Relayée par le Guardian, une étude publiée dans la revue Science (15 février) révèle que 52 % des projets de plantation d’arbres en Afrique se déroulent dans des savanes (souvent intactes) plutôt qu’au sein de forêts dégradées.
Planter des arbres dans un écosystème en bonne santé, et surtout, qui n’a pas grand-chose à voir avec une forêt – en l’occurrence, une savane ou une prairie. Un non-sens évident qui, pourtant, concernerait en Afrique un territoire équivalent à la superficie… de la France métropolitaine !
Lumière du soleil bloquée
Lorsque des arbres sont plantés dans un écosystème « ouvert » tel qu’une savane ou une prairie, le couvert arboré qui se forme finit par bloquer une partie de la lumière du soleil. Progressivement, le milieu « se ferme », au détriment de certaines formes de végétation et de la faune qui s’en nourrissait – les rhinocéros et les gnous, notamment, désertent les lieux.
Or, d’après une étude publiée dans la revue Science (15 février 2024), 52 % des projets de plantation d’arbres en Afrique se déroulent dans des savanes, et près de 60 % d’entre eux utilisent des essences non indigènes, au risque d’introduire des espèces invasives.
Parmi les projets décriés par les auteurs en raison de la « menace » qu’ils représentent, l’initiative de restauration des paysages forestiers africains (African Forest Landscape Restoration Initiative) « vise à planter des arbres sur 100 millions d’hectares de terres d’ici à 2030 », souligne le Guardian.
Un problème de définition
Comment en arrive-t-on à une telle absurdité ? Les chercheurs pointent un problème de terminologie.
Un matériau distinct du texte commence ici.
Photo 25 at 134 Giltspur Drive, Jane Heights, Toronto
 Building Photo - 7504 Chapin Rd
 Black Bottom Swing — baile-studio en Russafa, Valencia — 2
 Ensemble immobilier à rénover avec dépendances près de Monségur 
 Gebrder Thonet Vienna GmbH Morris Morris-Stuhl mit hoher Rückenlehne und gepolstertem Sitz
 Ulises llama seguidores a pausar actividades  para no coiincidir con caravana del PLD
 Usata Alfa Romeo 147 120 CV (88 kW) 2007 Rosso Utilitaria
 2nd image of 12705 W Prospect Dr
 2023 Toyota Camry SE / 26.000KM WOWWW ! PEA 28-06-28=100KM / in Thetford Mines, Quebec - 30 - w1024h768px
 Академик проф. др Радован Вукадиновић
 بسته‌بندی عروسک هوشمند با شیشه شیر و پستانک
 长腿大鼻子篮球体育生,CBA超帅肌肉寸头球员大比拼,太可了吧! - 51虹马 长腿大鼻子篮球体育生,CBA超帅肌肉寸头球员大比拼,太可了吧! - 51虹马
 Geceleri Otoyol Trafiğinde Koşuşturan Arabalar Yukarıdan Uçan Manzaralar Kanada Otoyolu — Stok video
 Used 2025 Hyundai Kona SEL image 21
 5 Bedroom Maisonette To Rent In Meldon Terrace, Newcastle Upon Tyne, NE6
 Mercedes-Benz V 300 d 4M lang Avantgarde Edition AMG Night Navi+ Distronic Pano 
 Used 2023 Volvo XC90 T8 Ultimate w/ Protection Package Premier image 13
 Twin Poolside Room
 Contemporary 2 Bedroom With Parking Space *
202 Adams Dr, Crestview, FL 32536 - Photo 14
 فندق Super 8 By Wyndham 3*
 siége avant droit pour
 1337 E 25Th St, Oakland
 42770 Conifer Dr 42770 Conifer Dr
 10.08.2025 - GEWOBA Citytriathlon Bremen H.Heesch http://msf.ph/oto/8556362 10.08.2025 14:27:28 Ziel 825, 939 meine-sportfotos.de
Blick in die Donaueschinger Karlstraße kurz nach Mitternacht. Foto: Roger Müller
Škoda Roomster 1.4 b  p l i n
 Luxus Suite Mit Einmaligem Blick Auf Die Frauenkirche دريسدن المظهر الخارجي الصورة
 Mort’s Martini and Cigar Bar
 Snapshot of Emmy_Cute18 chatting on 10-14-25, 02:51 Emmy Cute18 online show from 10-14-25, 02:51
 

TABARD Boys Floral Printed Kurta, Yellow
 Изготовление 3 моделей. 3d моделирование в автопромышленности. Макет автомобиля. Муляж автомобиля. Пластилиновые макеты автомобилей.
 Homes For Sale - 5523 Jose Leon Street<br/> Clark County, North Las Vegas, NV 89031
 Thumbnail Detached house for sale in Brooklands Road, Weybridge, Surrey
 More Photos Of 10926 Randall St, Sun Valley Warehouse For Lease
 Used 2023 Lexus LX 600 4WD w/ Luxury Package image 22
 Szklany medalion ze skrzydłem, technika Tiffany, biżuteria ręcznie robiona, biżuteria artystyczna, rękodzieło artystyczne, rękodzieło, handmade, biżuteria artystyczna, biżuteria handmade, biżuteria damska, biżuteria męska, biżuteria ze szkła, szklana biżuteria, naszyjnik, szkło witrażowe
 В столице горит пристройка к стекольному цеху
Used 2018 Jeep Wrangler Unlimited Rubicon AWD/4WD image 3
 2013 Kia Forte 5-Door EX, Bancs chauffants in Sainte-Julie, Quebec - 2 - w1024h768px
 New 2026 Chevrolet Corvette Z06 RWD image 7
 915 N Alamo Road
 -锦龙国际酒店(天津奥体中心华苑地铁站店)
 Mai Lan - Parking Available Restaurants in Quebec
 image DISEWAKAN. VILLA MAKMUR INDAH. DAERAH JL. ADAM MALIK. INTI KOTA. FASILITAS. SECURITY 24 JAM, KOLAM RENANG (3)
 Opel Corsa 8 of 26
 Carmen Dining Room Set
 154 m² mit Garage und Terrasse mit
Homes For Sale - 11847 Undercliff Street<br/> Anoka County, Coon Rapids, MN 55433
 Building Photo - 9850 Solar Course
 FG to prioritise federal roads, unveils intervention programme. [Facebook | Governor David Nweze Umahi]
Ainsi, l’Organisation des Nations unies pour l’alimentation et l’agriculture (FAO) définit comme une « forêt » toute zone de terre de plus de 0,5 hectare avec des arbres de plus de 5 mètres de haut et un couvert végétal d’au moins 10 %.
Or, la plupart des savanes répondent à ces critères chiffrés. D’après une précédente étude relayée par GEO (mai 2023) et basée sur l’analyse des données de satellites haute résolution permettant d’identifier, justement, les arbres de plus de 5 mètres, un quart de la couverture arborée en Afrique se situe en dehors des forêts, lorsque l’on définit ces dernières de façon plus restrictive que la FAO.
« Les systèmes non forestiers tels que les savanes sont classés à tort comme des forêts et sont donc considérés comme ayant besoin d’être ‘restaurés’ avec des arbres », dénonce Kate Parr, professeure d’écologie tropicale à l’université britannique de Liverpool et co-auteure de l’étude. Et de prôner :
« Il est urgent de revoir les définitions afin que les savanes ne soient pas confondues avec les forêts, car l’augmentation du nombre d’arbres menace l’intégrité et la persistance des savanes et des prairies. » Kate Parr, université de Liverpool (The Guardian)
Compensation carbone
Une étude antérieure de l’université d’Oxford avait déjà conclu au fait que la plantation massive d’arbres pour le climat risque de faire « plus de mal que de bien » (GEO avec AFP, octobre 2023).
Alors que les plantations d’arbres sont devenues un « moyen privilégié pour les entreprises et les particuliers de compenser leurs émissions de gaz à effet de serre« , dans le sud du Mexique et au Ghana par exemple, où une seule essence (deux ou trois maximum) ont été massivement plantées, des forêts autrefois diverses « se sont transformées en masses homogènes ». Ce qui les rend « très vulnérables aux maladies et a un impact négatif sur la biodiversité locale », dénonçaient les auteurs.